* _ACTIVITY_: The entries that follow are to be duplicated in full, character for character.

------ TASK INPUT

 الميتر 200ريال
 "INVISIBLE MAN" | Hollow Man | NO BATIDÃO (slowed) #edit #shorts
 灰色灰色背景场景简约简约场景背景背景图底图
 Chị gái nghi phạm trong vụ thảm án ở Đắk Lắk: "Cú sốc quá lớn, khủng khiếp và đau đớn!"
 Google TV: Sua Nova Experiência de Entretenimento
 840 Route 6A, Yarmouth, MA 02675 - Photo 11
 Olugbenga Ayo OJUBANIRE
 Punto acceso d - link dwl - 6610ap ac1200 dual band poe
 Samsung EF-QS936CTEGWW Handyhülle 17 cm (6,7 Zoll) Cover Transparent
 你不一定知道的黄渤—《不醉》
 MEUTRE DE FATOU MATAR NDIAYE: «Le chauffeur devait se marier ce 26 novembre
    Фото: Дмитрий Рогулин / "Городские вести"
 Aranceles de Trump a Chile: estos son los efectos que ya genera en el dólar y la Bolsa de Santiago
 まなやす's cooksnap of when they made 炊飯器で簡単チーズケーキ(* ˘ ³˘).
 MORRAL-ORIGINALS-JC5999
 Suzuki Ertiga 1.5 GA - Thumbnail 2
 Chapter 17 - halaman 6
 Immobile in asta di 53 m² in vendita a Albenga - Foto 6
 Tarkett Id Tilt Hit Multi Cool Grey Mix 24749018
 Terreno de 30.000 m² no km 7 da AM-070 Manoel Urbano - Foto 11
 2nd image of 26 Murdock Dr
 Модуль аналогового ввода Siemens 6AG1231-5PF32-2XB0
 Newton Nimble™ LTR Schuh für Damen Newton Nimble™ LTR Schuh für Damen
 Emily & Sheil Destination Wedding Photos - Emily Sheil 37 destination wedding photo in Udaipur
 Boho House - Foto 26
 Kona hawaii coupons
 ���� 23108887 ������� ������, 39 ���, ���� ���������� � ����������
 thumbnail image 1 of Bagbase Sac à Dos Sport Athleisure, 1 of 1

------------

* _SOLUTION TO THIS PROBLEM_:
 الميتر 200ريال
 "INVISIBLE MAN" | Hollow Man | NO BATIDÃO (slowed) #edit #shorts
 灰色灰色背景场景简约简约场景背景背景图底图
 Chị gái nghi phạm trong vụ thảm án ở Đắk Lắk: "Cú sốc quá lớn, khủng khiếp và đau đớn!"
 Google TV: Sua Nova Experiência de Entretenimento
 840 Route 6A, Yarmouth, MA 02675 - Photo 11
 Olugbenga Ayo OJUBANIRE
 Punto acceso d - link dwl - 6610ap ac1200 dual band poe
 Samsung EF-QS936CTEGWW Handyhülle 17 cm (6,7 Zoll) Cover Transparent
 你不一定知道的黄渤—《不醉》
 MEUTRE DE FATOU MATAR NDIAYE: «Le chauffeur devait se marier ce 26 novembre
    Фото: Дмитрий Рогулин / "Городские вести"
 Aranceles de Trump a Chile: estos son los efectos que ya genera en el dólar y la Bolsa de Santiago
 まなやす's cooksnap of when they made 炊飯器で簡単チーズケーキ(* ˘ ³˘).
 MORRAL-ORIGINALS-JC5999
 Suzuki Ertiga 1.5 GA - Thumbnail 2
 Chapter 17 - halaman 6
 Immobile in asta di 53 m² in vendita a Albenga - Foto 6
 Tarkett Id Tilt Hit Multi Cool Grey Mix 24749018
 Terreno de 30.000 m² no km 7 da AM-070 Manoel Urbano - Foto 11
 2nd image of 26 Murdock Dr
 Модуль аналогового ввода Siemens 6AG1231-5PF32-2XB0
 Newton Nimble™ LTR Schuh für Damen Newton Nimble™ LTR Schuh für Damen
 Emily & Sheil Destination Wedding Photos - Emily Sheil 37 destination wedding photo in Udaipur
 Boho House - Foto 26
 Kona hawaii coupons
 ���� 23108887 ������� ������, 39 ���, ���� ���������� � ����������
 thumbnail image 1 of Bagbase Sac à Dos Sport Athleisure, 1 of 1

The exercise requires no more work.